Todays bowtie fans who are interested in picking up a rare piece of Chevy history are strongly advised to join the 'Vintage Chevrolet Club of America' as these cars comparably small remaining numbers mean that they can pose a greater challenge to buy, restore and maintain than comparable Fords. If you buy and definitely if you are planning to restore one, it would be highly recommended to join the club. There are hundreds of years of joint expertise in the VCCA when it comes to restoring or indeed just owning 1931-1932 Chevrolet's and there have traditionally been more 1931 year Chevrolet's owned by VCCA members than any other year simply because they made a lot of them and they were extraordinarily well built and highly regarded reliable cars.
As you would expect from such a beautiful example with such storied and single southern California family ownership, the car is in quite astounding condition both cosmetically and mechanically. The original and legendary 194 c.i. inline 6 cylinder 'Storebolt Six' engine is extremely strong and sounds absolutely magnificent with this particular car also driving absolutely magnificently - must be driven to be fully appreciated - does not miss a beat and purrs like a kitten - drives straight as an arrow with no strange road wobbles, shakes or rattles - a truly remarkable daily driver with the transmission shifting smoothly through the gears and with the car being an absolute pleasure to drive!

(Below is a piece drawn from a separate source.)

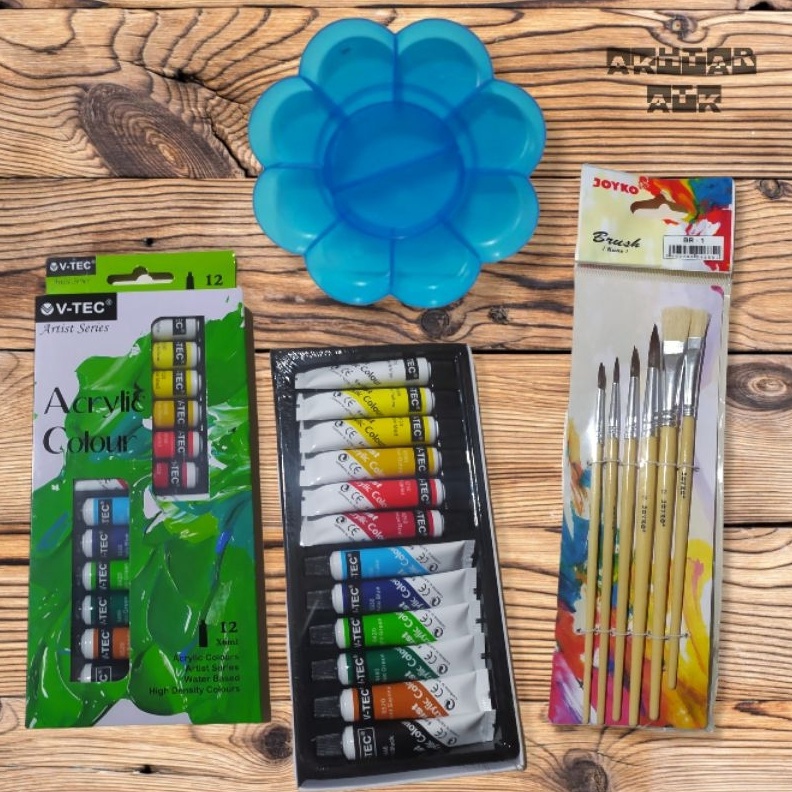 

KODE M4U5 Paket Lukis 3 In 1 Cat Acrylic VtecBenefit Kuas Joyko Br1 Palet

This is obviously one especially desirable example of the now very rare 1931 'Independence' Sports Coupe with very few still remaining, even fewer can be anywhere close to comparable to this particularly exquisite example boasting only one southern California family ownership since new. This car truly has to be seen and indeed driven to be fully appreciated and without a doubt you will look long and hard to find a finer example of this beautifully presented 1931 Chevrolet 'Independence' Sports Coupe, a very rare piece of classic American car history and obviously absolutely essential for any serious GM collection and quite simply a perfect car for the Chevrolet enthusiast or any pre-war classic car collector to add to their collection!